Although it’s unclear who founded Teotihuacan, the city was believed to be founded around 100 BC. At its peak around 450 CE, Teotihuacan became the most populated city and most powerful cultural center whose influence spread across the Mesoamerican regions.
It wasn’t until around 550 AD that Teotihuacan began to decline. The exact reason is still unknown but there is evidence to suggest invasion, burning of the city, drought and famine. After the city had collapsed, the Aztec discovered it and named it Teotihuacan which means “birthplace of the gods.” Visitors today can still see the pyramids build thousands of years ago and experience a piece of history by walking down the Avenue of the Dead.
Religious or political rituals took place at the pyramids as well as animal and human sacrifices. There is a designated platform in front of the Pyramid of the Sun for these sacrifices.
There are several methods of getting to Teotihuacan, all of which are easy and inexpensive.
By public transportation
You’ll first want to get to the Terminal Central del Norte, which is also called the Autobuses del Norte. Once you’re inside the bus station, walk left to Gate 8 and look for buses to “Pyramides” or “Zona Arqueologico.” Roundtrip tickets cost about 100 pesos (or $5 USD) and the ride takes about one hour each way.
By tour bus
This may be easiest if you have a large group and are willing to pay for the convenience, which is what I did with a group of 16. There was also a guide who accompanied us – only for the ride itself to explain the history, but he didn’t walk with us in the pyramids. The van picked us up from our hotels, took us to Teotihuacan, made a pit stop for souvenirs and another for lunch, and brought us back to the hotels. It cost $60 USD per person.
I know friends who took an Uber to Teotihuacan and found it extremely convenient and affordable. Ubers in Mexico City are very safe and there are plenty of them. The ride only cost about $25, so depending on how many people are in your group this option may cost the same as public transportation.

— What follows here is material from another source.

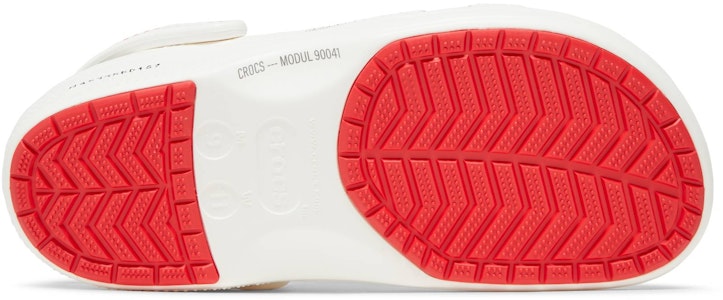 Kanghyuk x Crocs 经典洞洞鞋 '白色' 208475-100 Shop Kanghyuk x Crocs 经典洞洞鞋 '白色' 208475-100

Once you’re at the pyramids, admission is roughly 70 pesos ($3.50 USD).
What to Wear
Once you’re at the pyramids, there is almost no shade, so don’t forget to bring sunblock, sunglasses and a hat. The area is also pretty big and requires a fair amount of walking, including climbing stairs up the pyramids. Wear something comfortable for walking and safe for climbing steep and uneven steps. Also bring some water since there weren't many food vendors on site.
What to See
Pyramid of the Sun
This is the fourth largest pyramid in the world, after the Pyramid of Giza, the Pyramid of Cholula (also in Mexico), and the Chichen Itza Pyramid (also in Mexico). The Pyramid of the Sun is the largest in Teotihuacan and worships the sun and rain god because the sun is important in ancient culture and people heavily relied on rain for agriculture. Over time, the pyramid was built 9 times over itself due to the pyramids sinking into the ground and to maintain the structure.
Once at the pyramid, you can actually climb 248 steps to the top. The steps are steep and uneven but there are handrails to help guide you up to steps. From the platforms, you could get a pretty awesome view of the Avenue of the Dead, the Pyramid of the Moon and the mountains in the distance.
Pyramid of the Moon
Connected by the Avenue of the Dead, the Pyramid of the Moon is just a short 20-minute walk north from the Pyramid of the Sun. Although it’s not as tall as the Pyramid of the Sun, you can still climb halfway up the pyramid. It offers an unobstructed view down the center of the Avenue of the Dead and of the Pyramid of the Sun. Be careful though as the steps here were much steeper, so it felt like doing single-leg leg presses but still worth the climb.
Avenue of the Dead
The avenue is very wide and over two miles long and used to be the main street running through Teotihuacan. It connects the three main pyramids and is lined with smaller pyramids, so there are many photo ops along the way.
Temple of the Feathered Serpent
This is the third largest pyramid at Teotihucan located south of the Pyramid of the Sun. There are serpents carved into the structure to worship Quetzalcoatl, the feathered serpent god, and Tlaloc, the ancient storm god. Near the temple were about 200 burials of young men and women who were believed to have been warriors and have been sacrificed.
I’m glad I was able to make a day trip to Teotihuacan to see the pyramids and learn about the history behind it. I spent only a few hours at Teotihuacan and spent the rest of the afternoon and evening exploring other parts of Mexico City!